Rampersaud v. Hollingsworth, 456 N.J. Super. 502 (App. Div. 2018). The opening paragraph of this opinion by Judge Fisher well summarized the issue on this appeal, and the result. “In this appeal, a now-evicted tenant of a residential apartment, which he sublet to another, argues that only the subtenant, whose conduct generated the tenancy action, could be evicted. In affirming a judgment of possession, we reject the tenant’s strained interpretation of the Anti-Eviction Act, N.J.S.A. 2A:18-61.1(c), and conclude that an act of one permits the eviction of all.”
The second paragraph of the opinion noted that the Anti-Eviction Act lists as a ground for eviction proof of willful or grossly negligent conduct that “caused or allowed destruction, damage or injury to the premises.” The appealing tenant here “allowed” damage to the premises by the subtenant. That by itself might have justified affirmance.
But Judge Fisher went deeper. He quoted the statute as saying, more fully, that “No lessee or tenant or the assigns, under-tenants or legal representatives of such lessee or tenant may be removed by the Superior Court [from their residence] except upon establishment of one of the following grounds as good cause: …. c. The person has willfully or by reason of gross negligence caused or allowed destruction, damage or injury to the premises.” He noted that the use of “[t]he person” in subsection c. created potential ambiguity as to whether “the person” encompassed only the tenant, or others as well.
The panel did not find it difficult to resolve that issue, however.

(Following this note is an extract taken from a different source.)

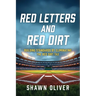 Red Letters and Red Dirt: Building Standards by Eliminating the Red Dirt Tax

Judge Fisher said that common sense and context left the Appellate Division “satisfied that the Legislature deliberately used ‘the person’ in N.J.S.A. 2A:18-61.1(c) in order to provide flexibility in the statute’s application and enforcement and that the Legislature intended a broad view of who or what might be “the person” whose actions bring about the event that triggers a ground for terminating a tenancy.” He concluded by saying that “[s]tated another way, we find nothing in the Anti-Eviction Act to suggest a court’s obligation to ensure that the rights of innocent co-occupiers are preserved and only actual wrongdoers are evicted.”
The tenant also argued that the landlord’s notice to quit was insufficient because it did not identify the cause of the damage. But that argument also failed. The notice described “the nature of the damage,” which all parties agreed was substantial enough to warrant eviction. And it was sent to both the tenant and the subtenant. Judge Fisher found it unreasonable that “in a case like this, a landlord must be put to the task of ascertaining who among multiple occupants was the precise cause of the damage, as the tenant’s argument suggests, particularly when, as here, the landlord wasn’t in privity with the occupant who caused the damage.”